ScrapeBox Forum
Harvester Stopping Early - Printable Version

+- ScrapeBox Forum (https://www.scrapeboxforum.com)
+-- Forum: ScrapeBox Main Discussion (https://www.scrapeboxforum.com/Forum-scrapebox-main-discussion)
+--- Forum: General ScrapeBox Talk (https://www.scrapeboxforum.com/Forum-general-scrapebox-talk)
+--- Thread: Harvester Stopping Early (/Thread-harvester-stopping-early)



Harvester Stopping Early - kissthechicken28 - 08-17-2016

So I've run into an issue recently with Scrapebox Harvester. I'll run the scraper and find several million keywords and then plug them into Harvester (specifically for Bing if that matters).

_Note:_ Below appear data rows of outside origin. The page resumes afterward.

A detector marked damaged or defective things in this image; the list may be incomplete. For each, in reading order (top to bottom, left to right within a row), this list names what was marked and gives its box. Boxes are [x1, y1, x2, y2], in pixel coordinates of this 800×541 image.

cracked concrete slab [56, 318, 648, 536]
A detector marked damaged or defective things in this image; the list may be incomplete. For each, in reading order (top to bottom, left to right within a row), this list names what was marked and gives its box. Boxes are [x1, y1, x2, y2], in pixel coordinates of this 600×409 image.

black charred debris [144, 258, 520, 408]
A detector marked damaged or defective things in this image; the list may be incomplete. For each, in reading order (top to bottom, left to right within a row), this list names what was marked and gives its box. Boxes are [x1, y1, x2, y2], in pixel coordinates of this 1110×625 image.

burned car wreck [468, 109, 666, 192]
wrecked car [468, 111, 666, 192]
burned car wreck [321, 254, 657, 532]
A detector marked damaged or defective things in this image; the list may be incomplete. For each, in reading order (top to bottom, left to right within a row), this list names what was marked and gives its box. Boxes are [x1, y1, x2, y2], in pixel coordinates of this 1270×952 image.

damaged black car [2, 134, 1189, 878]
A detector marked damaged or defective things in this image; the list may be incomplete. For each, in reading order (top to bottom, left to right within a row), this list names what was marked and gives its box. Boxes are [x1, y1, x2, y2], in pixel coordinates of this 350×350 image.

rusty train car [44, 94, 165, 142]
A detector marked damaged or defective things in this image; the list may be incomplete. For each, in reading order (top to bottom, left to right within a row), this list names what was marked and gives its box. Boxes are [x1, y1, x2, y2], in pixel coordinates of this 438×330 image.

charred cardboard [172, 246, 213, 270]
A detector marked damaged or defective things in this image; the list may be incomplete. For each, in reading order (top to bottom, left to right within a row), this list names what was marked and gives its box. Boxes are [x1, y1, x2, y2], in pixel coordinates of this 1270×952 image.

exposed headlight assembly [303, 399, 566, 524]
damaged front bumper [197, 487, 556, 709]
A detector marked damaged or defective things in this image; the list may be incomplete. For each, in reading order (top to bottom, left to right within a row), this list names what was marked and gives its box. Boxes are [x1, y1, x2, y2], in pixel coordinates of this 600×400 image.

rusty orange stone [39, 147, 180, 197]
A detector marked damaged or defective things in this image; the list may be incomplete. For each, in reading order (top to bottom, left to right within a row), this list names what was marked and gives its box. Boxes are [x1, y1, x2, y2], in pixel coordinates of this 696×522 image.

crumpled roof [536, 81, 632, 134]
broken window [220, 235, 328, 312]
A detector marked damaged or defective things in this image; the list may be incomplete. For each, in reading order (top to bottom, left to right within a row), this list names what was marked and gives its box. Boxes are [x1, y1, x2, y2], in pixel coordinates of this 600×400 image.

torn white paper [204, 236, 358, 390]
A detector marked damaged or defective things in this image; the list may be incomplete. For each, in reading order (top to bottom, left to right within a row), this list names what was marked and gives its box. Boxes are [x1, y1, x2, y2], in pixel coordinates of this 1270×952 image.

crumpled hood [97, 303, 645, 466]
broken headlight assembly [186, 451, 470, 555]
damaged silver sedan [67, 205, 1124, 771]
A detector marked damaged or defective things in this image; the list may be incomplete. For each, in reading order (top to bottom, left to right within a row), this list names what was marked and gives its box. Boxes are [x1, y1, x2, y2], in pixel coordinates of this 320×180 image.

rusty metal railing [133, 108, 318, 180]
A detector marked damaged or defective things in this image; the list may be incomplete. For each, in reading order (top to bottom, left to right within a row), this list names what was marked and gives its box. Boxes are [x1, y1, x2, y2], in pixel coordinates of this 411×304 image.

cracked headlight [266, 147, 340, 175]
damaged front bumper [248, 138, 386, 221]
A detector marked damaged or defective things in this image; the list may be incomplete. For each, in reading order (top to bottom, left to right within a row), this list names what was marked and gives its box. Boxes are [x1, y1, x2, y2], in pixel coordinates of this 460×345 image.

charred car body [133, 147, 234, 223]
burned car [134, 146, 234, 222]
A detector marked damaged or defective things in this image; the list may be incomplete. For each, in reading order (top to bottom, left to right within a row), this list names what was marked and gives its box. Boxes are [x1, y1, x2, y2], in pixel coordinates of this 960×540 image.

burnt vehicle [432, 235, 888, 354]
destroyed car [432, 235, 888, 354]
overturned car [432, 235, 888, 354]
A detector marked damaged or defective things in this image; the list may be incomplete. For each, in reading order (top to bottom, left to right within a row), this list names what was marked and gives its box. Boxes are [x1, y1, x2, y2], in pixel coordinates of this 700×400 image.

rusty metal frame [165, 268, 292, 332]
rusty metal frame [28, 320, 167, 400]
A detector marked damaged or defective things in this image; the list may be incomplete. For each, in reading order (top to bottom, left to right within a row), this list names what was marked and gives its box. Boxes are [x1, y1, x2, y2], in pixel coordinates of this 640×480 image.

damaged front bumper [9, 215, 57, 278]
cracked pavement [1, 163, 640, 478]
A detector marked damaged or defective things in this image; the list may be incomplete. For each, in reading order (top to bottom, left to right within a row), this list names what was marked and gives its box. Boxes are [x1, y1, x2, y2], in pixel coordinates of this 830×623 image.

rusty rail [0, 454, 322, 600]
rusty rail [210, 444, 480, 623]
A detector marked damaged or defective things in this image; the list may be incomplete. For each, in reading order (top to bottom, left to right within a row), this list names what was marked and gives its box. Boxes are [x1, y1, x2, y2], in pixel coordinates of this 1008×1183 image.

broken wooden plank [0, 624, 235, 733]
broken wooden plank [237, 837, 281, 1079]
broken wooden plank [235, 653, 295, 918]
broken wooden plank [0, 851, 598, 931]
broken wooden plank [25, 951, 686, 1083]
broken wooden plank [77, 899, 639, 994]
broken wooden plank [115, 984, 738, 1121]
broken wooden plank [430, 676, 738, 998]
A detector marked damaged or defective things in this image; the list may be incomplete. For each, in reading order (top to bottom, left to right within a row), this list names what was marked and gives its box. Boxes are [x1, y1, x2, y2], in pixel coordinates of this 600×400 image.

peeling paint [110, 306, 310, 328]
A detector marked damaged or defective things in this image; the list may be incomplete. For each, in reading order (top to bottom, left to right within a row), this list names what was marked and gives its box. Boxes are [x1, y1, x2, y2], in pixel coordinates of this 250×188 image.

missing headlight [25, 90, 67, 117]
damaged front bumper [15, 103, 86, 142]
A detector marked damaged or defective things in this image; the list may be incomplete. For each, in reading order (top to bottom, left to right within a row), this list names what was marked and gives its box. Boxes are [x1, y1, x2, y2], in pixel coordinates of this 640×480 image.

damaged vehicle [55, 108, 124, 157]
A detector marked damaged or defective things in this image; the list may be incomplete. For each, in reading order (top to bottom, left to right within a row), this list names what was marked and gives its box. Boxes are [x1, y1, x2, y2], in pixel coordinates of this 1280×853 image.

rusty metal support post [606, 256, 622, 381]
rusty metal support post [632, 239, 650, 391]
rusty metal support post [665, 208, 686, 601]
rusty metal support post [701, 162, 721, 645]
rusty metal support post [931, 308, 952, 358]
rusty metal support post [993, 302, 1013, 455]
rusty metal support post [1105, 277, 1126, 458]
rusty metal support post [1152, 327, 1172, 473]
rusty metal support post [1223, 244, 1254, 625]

I'll start and everything will seem to be going smoothly. However, the Harvester will stop early and say complete and only find a fraction of the sites it is supposed to.

For example, I recently scraped around 2 million keywords. I ran Harvester and it got to 1% on the completion bar then stopped, only finding around 500,000 sites. When I scrolled through the keywords almost all of them were red and showed that zero sites were found.

Any idea what is happening? Thanks.

If it makes a difference the error log is showing that I am getting 403 errors


RE: Harvester Stopping Early - adam110 - 10-14-2016

yup the same is happening with me too.. I will add keywords and it will do about 20% and then suddenly it will say complete.


RE: Harvester Stopping Early - adam110 - 10-15-2016

Any idea how we can troubleshoot this? I feel many of my keywords are being skipped


RE: Harvester Stopping Early - adam110 - 10-16-2016

Ok just an update that this is happening to me each and every time..

I ran a list of 10k keywords into the harvester yesterday using 100 proxies and 25 threads..

Once everything was complete (I checked my vps in the morning) and it said 100% complete.. Then scrapebox shows you the keywords and how many urls it was able to scrape from them...It also gives you the option to save all keywords that produced 0 results

I went up and down that log and not even half of the keywords had actually got results..

So I downloaded all keywords with 0 results (6500+) which means scrapebox done less than half and reported it back as 100% complete.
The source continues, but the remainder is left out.